### [Exercise objective]
Beginning with the line that contains "郁金香美女小姐姐图片素材", restate each line below through the final one exactly, and exclude the pictures.

### [Material provided]

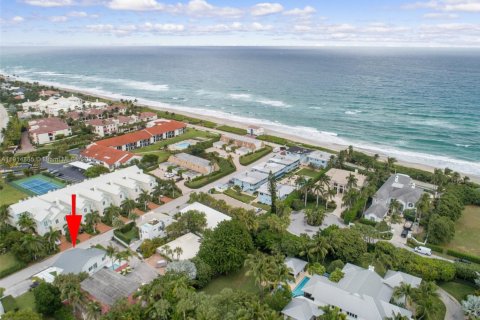 House in Ocean Ridge, Florida 3 bedrooms, 124.67 sq.m. № 1970539 - photo 24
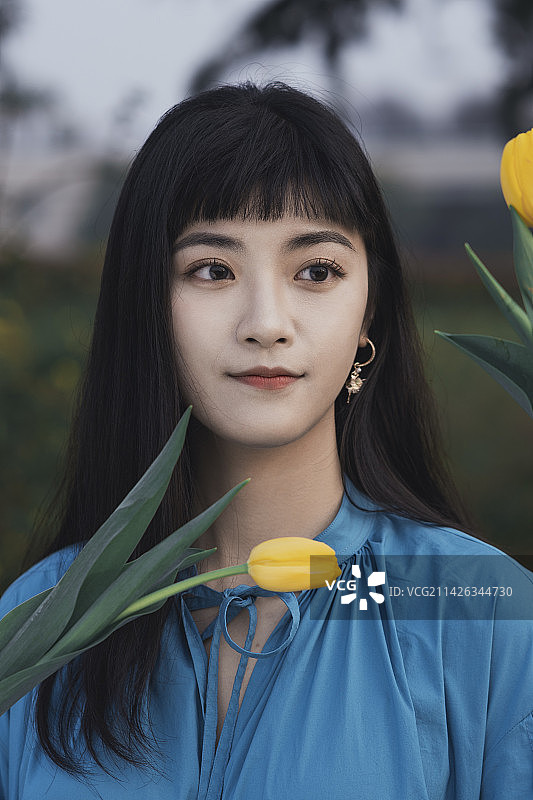 郁金香美女小姐姐图片素材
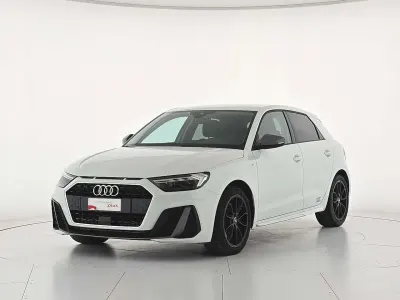 Usata Audi A1 Sportback 207 CV (152 kW) 2023 Bianco ghiacciaio metallizzato Utilitaria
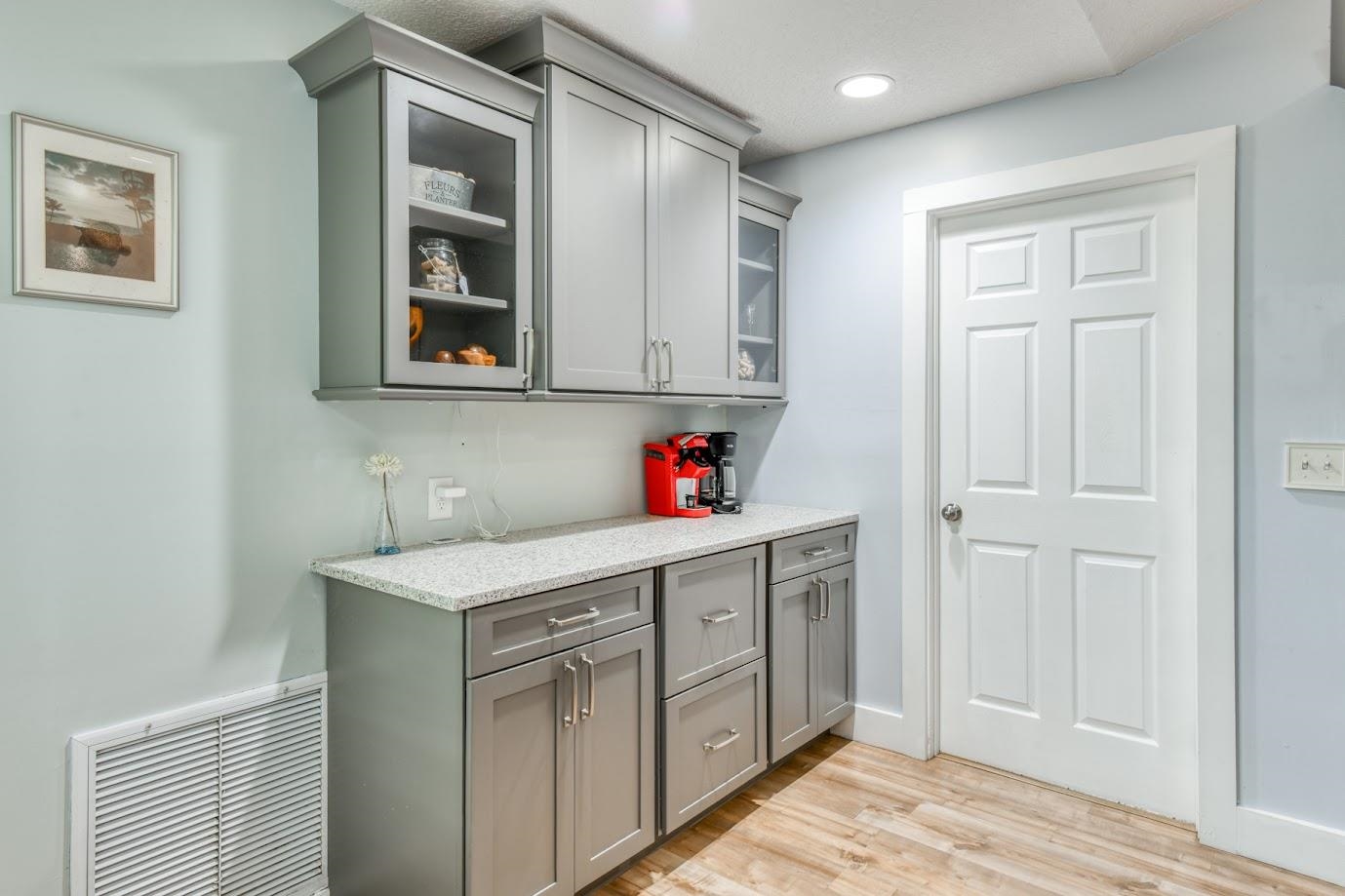 Image 14 of 39 For 5398 Soundview Ave (pool Home)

### [Answer section]
 郁金香美女小姐姐图片素材
 Usata Audi A1 Sportback 207 CV (152 kW) 2023 Bianco ghiacciaio metallizzato Utilitaria
 Image 14 of 39 For 5398 Soundview Ave (pool Home)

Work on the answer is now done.